Almost simultaneously, Britain’s opposition leader, Labor’s Jeremy Corbyn, also visited Barnier. Again, the parties stressed the meeting was not a negotiation and yet “They wanted to hear what our overall approach is and to let us know what their overall approach is, not only for article 50 but also for transitional and final arrangements,” said shadow Brexit secretary Keir Starmer to the Guardian newspaper. He described a “frank exchange of positions” and suggested it could be “first of a number of meetings.”
Cross-border social networks and values can aggressively be used as foreign policy instruments by anyone.
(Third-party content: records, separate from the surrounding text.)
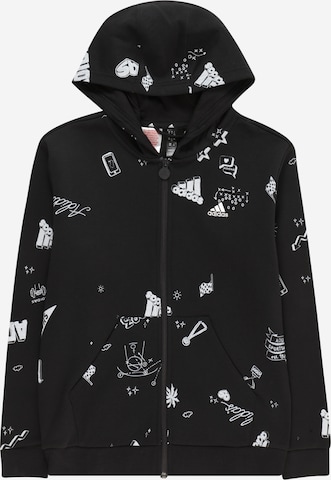 ADIDAS SPORTSWEAR Athletic Zip-Up Hoodie 'Brand Love' in Black: front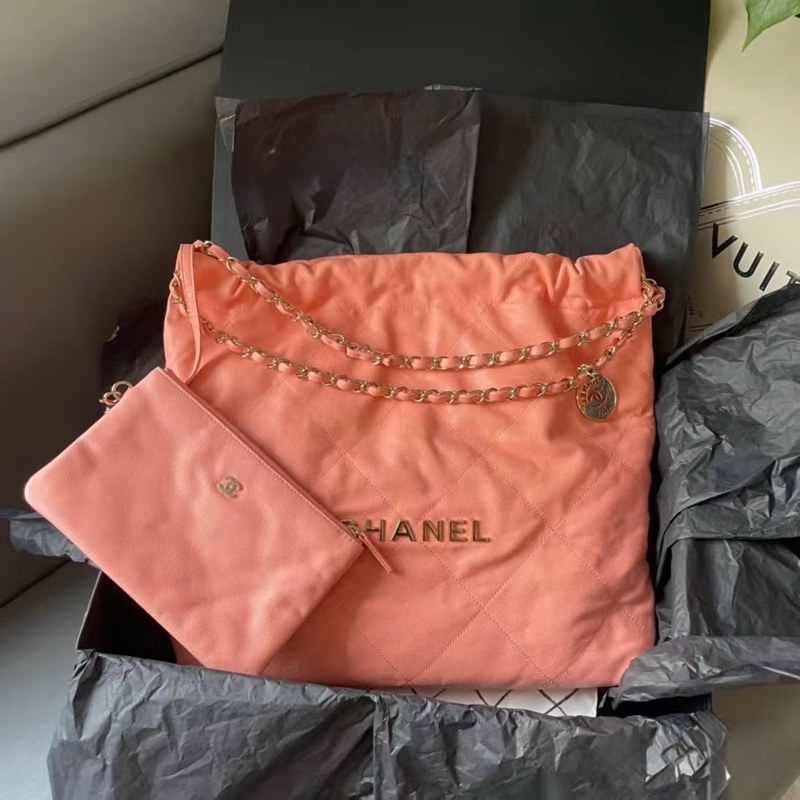 #荔枝皮 #新款粉色 #全配 香奈兒23C 22bag垃圾袋小號-2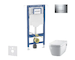Geberit Duofix - Set předstěnové instalace, klozetu a sedátka Tece One, tlačítka Sigma20, Rimless, SoftClose, lesklý chrom/chrom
The Islamic State offers the caliphate as a non-nation-state concept, and the Christian right in the United States and operatives like Steve Bannon, former advisor in the Trump administration, attack critical journalism and praise crackdowns on homosexuality in Russia, openly admiring President Vladimir Putin and urging the United States to follow his lead. Many groups in the United States and elsewhere are tempted by illiberal democracy as seen in Russia and Turkey and reliance on strongmen who support their populist causes.
Irrespective of nationality, people reach across borders, united by common values, to defy policy positions adopted by their own governments.
*Joergen Oerstroem Moeller is a visiting senior fellow with ISEAS Yusof Ishak Institute in Singapore. He is also an adjunct professor at Singapore Management University & Copenhagen Business School and an honorary alumni of the University of Copenhagen.